CM . . .
. Volume XXIV Number 28. . . .March 23, 2018
Up in Arms.
Amanda Spottiswoode. Illustrated by Molly March.
Victoria, BC: Heritage House, 2017.
174 pp., trade pbk. & ebook., $12.95 (pbk.), $9.99 (ebook).
ISBN 978-1-77203-202-4 (pbk.), ISBN 978-1-77203-203-1 (ebook).
Grades 3-6 / Ages 8-11.
Review by Todd Kyle.
“I wasn’t born yet when they were still going on,” chipped in Joe, “but I’ve heard about some of the big ones. They’d go on for days, and the masks and costumes and dances and songs were fantastic. I wish I’d seen them.”
“Why don’t they happen anymore?” asked Sophie.
Eddie paused before answering and looked around him as if he could conjure up a great potlatch from the dusty and dim corners of the longhouse.
“That,” he said, “is a very good question. The last potlatch here was almost twenty years ago when we were raided by the police and the Indian agent. They were illegal, see, and we had broken the law by holding one.”

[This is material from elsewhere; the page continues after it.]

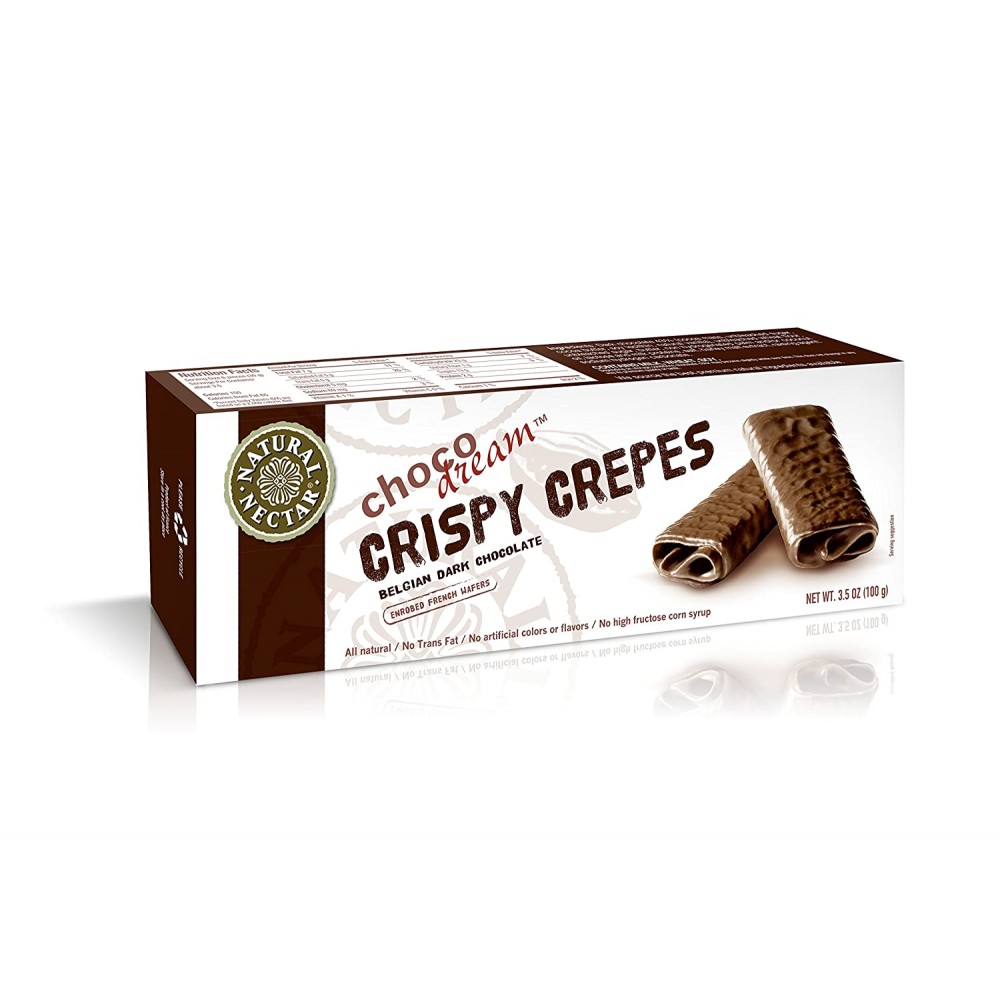 Natural Nectar Belgian Crispy Dark Chocolate Crepe (8x3.5 OZ)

In this third adventure about the Phillips and MacTavish children and the MacTavish’s uncle Bert, aka Captain Gunn, the children once again travel to Canada, this time to avoid danger in the United Kingdom as World War II intensifies. During their school break, the group spends time at the home of Cougar Annie while the captain is doing top secret work for the Canadian war effort. Rescued from a dangerous boat ride by Indigenous boys from the nearby reservation, they are angered when they learn of the ban on the potlatch and the subsequent confiscation of the community’s sacred masks. Spotting one of the masks at the home of the local RCMP commander, the kids steal the artifact and enlist the captain and his pilot friend to return it to its rightful owners. Returning from their clandestine affair to Victoria, the pilot suffers an asthma attack, and it falls to novice pilot Sophie to land the plane.

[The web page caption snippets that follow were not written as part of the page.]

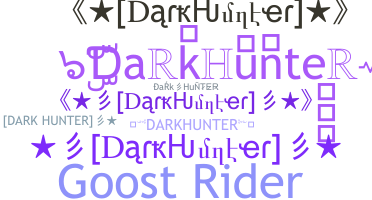 الاسم المستعار - DarkHunter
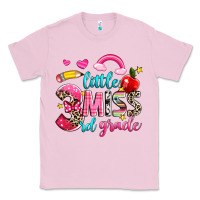 Bubblegum Pink little miss third grade Classic Tee - NancyCooperArtShop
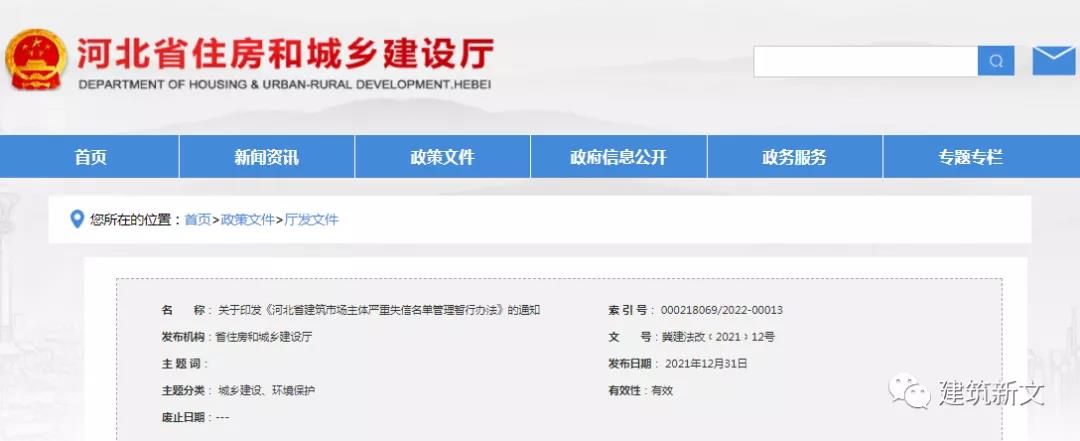 河北:这5种情况列入严重失信名单,在招投标、政府采购、市场准入等方面予以限制! 河北:这5种情况列入严重失信名单,在招投标、政府采购、市场准入等方面予以限制!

As with the previous books, Up in Arms is filled with intricate details of the geography of the West Coast of Canada and of the skills of boating, with a special emphasis on aircraft piloting, especially float planes. The text flows well and keeps the reader’s interest as the kids (most of them now teens) develop their characters and pursue their interests and dreams. But the most interesting aspect here is the spotlight on Indigenous nations, their historical mistreatment, and the feelings of non Indigenous Canadians towards them. The description of the loss of the potlatch, the condescending attitude of the local priest and his housekeeper, and the dismissive stance of the police are well-illuminated, making this a timely work in today’s era of reconciliation.

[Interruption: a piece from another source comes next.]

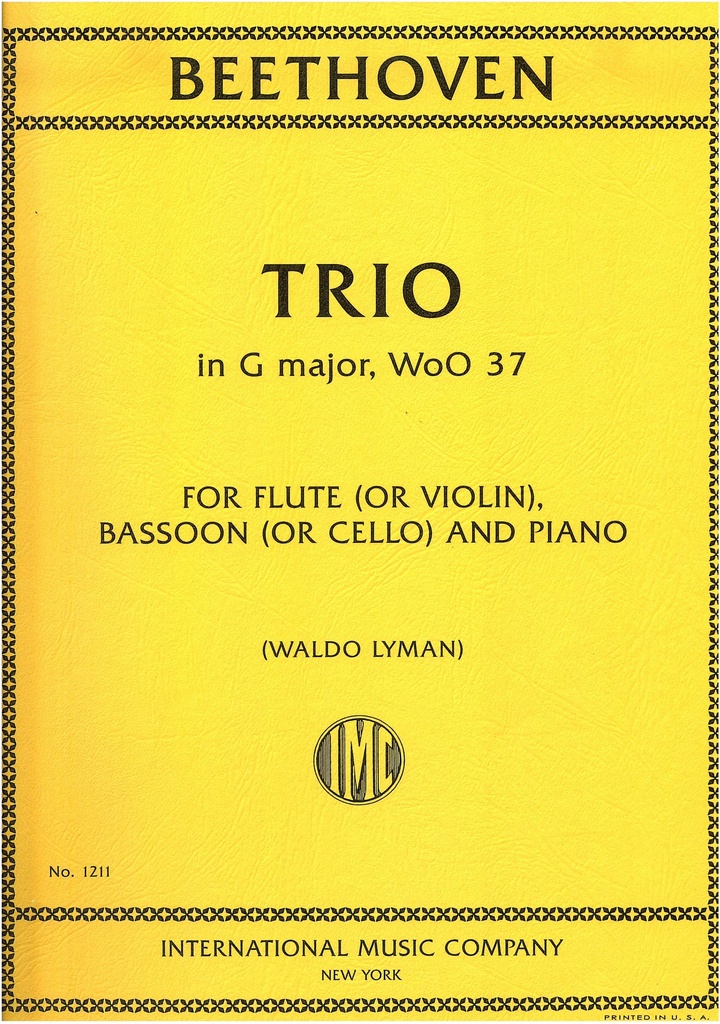 Trio in G major, Wo0 37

As with the rest of the series, however, it is to some degree overdone. The young characters and the captain are incensed by the loss of Indigenous tradition in a way that few white Canadians were at that time. The characters frequently use the word “Indigenous” to describe the native peoples, a habit that is more of our century than theirs (it is even capitalized in the text). The prodigy of the characters is not limited to this issue, either. The youngest, Posy, is queasy at the sight of a cougar being killed when it invades Annie’s goat pen, but she consoles herself with thoughts about the “delicate and sometimes painful relationship between humans and animals”. The children are all incredibly accomplished (e.g. Sophie’s earning of her pilot’s license) and resourceful almost beyond belief. The adults, too, seem prescient beyond their years—Mrs MacTavish is described as being motivated to send the kids to Canada partly out of her fear, having heard about the treatment of Jews in Germany, that her kids are in special danger, being one quarter Jewish.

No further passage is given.